The Falls City School district secured a loan for the first phase of a new gym and classroom facility at the elementary school. Now, students use a covered play shed for PE.

Photo by Jolene Guzman
The Falls City School district secured a loan for the first phase of a new gym and classroom facility at the elementary school. Now, students use a covered play shed for PE.



FALLS CITY — The Falls City School District secured a loan to begin the first phase of building a new gym and classroom facility at Falls City Elementary School.

A $700,000 loan from Government Capital Corporation (GCC) will finance the first phase, which will build “a shell” to provide elementary students an indoor facility for physical education and recess. Later phases will provide space for games, locker rooms and more classrooms.

“The board has been talking about this for two years,” said Superintendent Art Houghtaling. “We’re excited. The loan really allows it to happen.”

Now, the district can hire an architect to get the project underway. Before building can begin, the district needs to complete soil tests, complete design and take construction bids. The goal to have a “shell” — an enclosed and heated building — complete by fall of this year. Construction of the first phase will be planned with plumbing and other needs for future expansion in mind.

GCC is a Texas-based firm specializing in helping public entities (cities, counties and schools) secure financing. The firm has assisted several school districts get loans for building improvements, updated technology, buying land and buses.

Falls City has about 210 students enrolled, an increase from 155 tallied in the Oregon Department of Education’s 2013-14 enrollment report. The loan provides funding to complete other smaller projects, such as expanding its cafeteria and adding a classroom at the elementary school.

Houghtaling said the district has a goal to provide a teacher for every grade level K-8, and enrollment increases are pushing the district to do it faster than anticipated.

“We are literally busting at the seams,” Houghtaling said.

The district twice asked voters to pass a bond to build a new gym, but both votes, one in May 2016 and the second the following November, failed by slim margins.
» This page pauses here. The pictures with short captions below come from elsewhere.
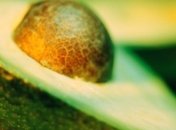 Применение авокадо в домашней косметичке 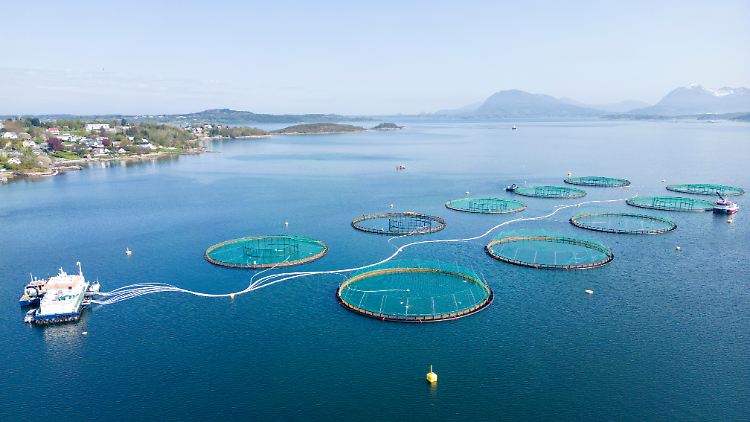 Mowi gehört zu den größten Lachs-Produzenten der Welt.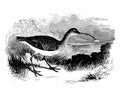 Hudsonian Curlew vintage illustration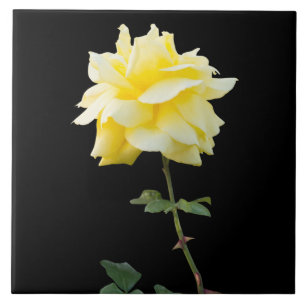 Carreau Fleur rose jaune
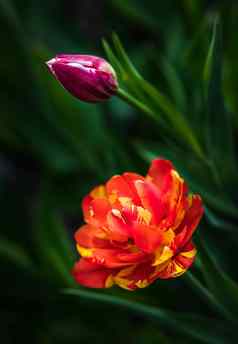 郁金香花春天时间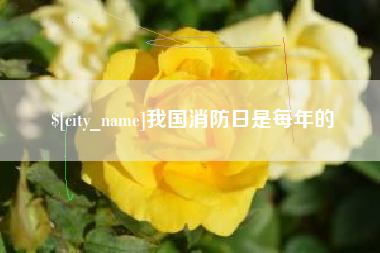 广饶我国消防日是每年的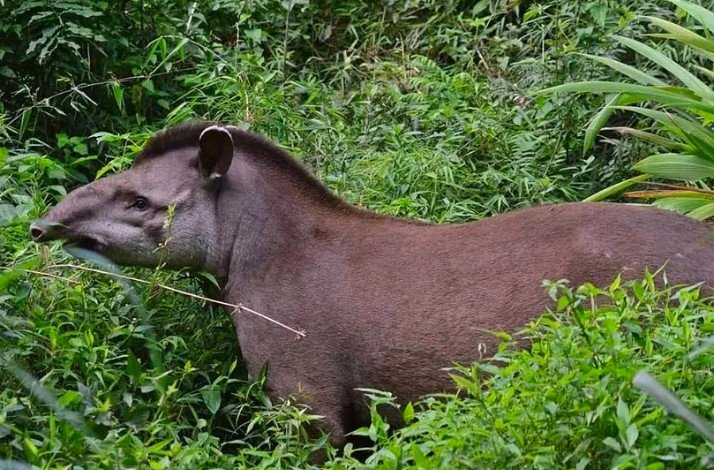 Tapir in the Missionary Forest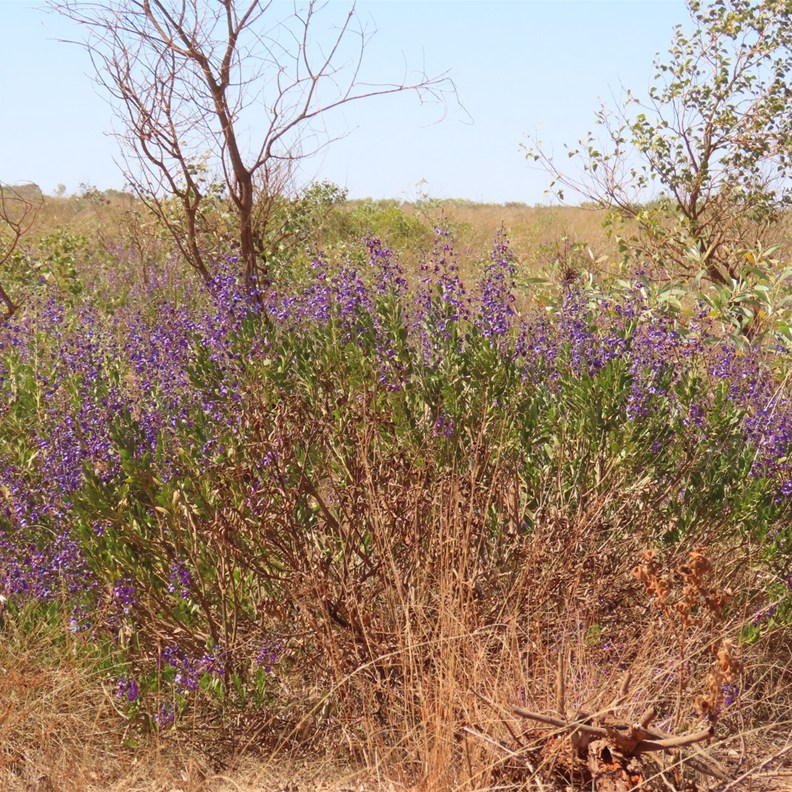 Northern Tinsel Flower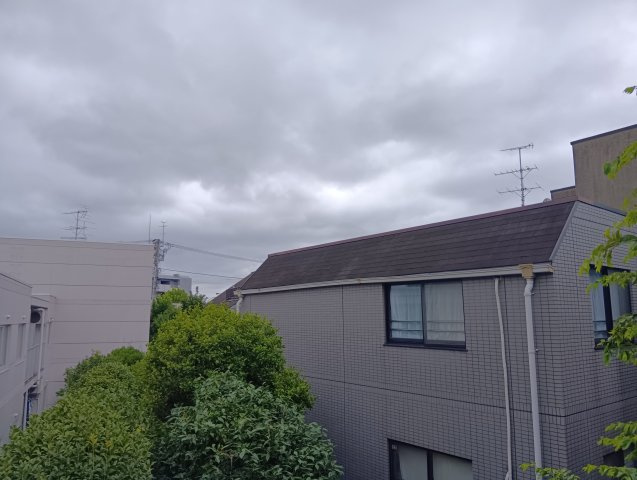 【展望】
Without resources to build a new gym, elementary students have with the school playground and covered play area for recess and PE, or riding buses down to the high school gym for PE classes. During rainy days, the covered play area can have up to 60 or 70 students under it at once, not leaving much room for play.
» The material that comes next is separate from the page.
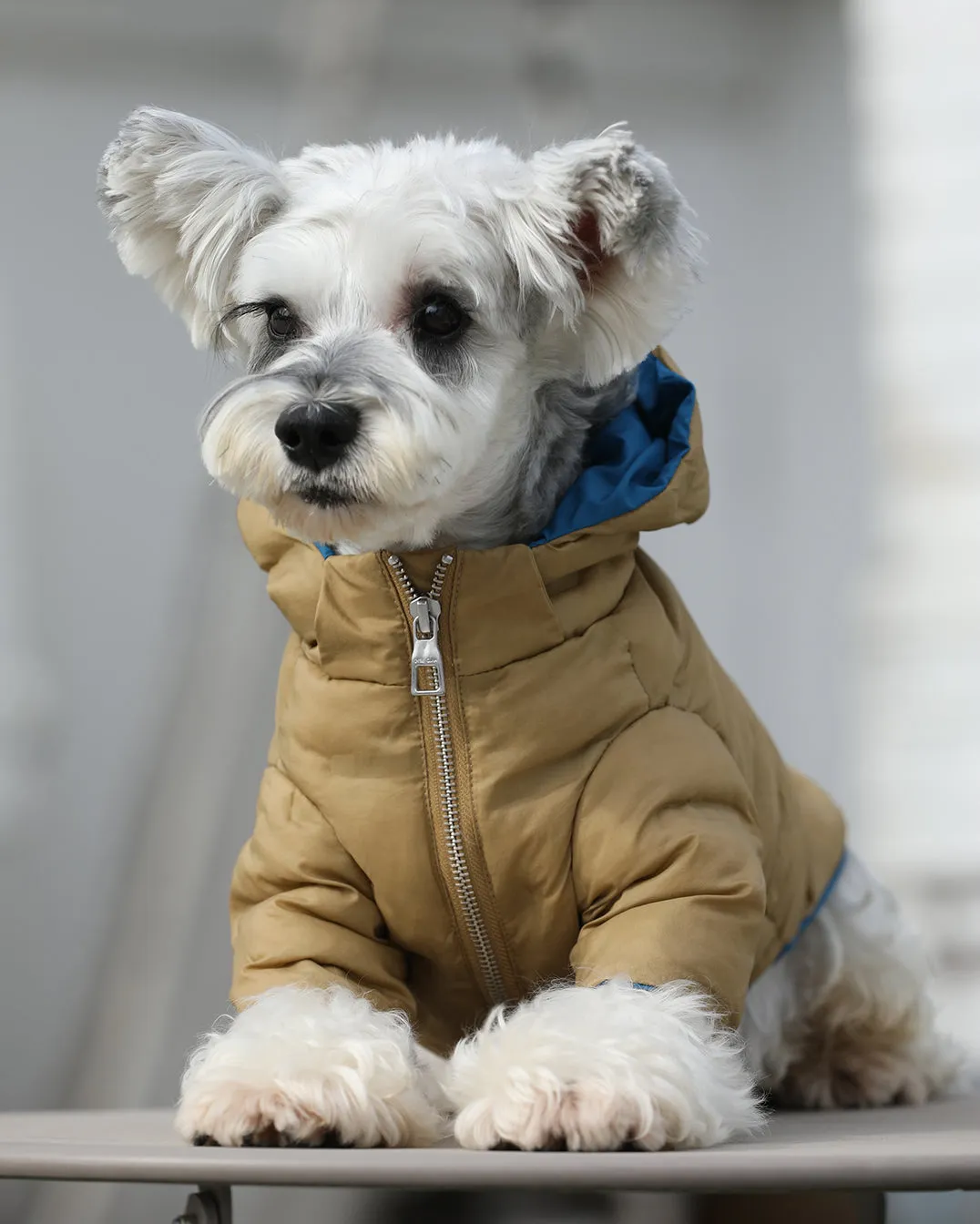 Zip-up Puffer Jacket with Hood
“Now we will have an enclosed area for the kids when it’s 38 degrees and raining,” he said.

Houghtaling added the gym at the high school is the only place middle school and high school teams can hold practices and games at this point. Adding basketball hoops and locker rooms in the future will alleviate scheduling conflicts and prevent late practices.

However, the second and third phases of the gym project will require additional funding through grants or a bond.

Falls City Business Manager Debbie Pavon said once the first phase is complete, the board will explore its next steps.

“The most important aspect of any project like this is funding,” she said. “We’re hoping the community will see the need and will reconsider, and approve, a bond. You don’t come across a district of this size, growing at the rate it is, with the remarkable students we have, and not do anything about it.”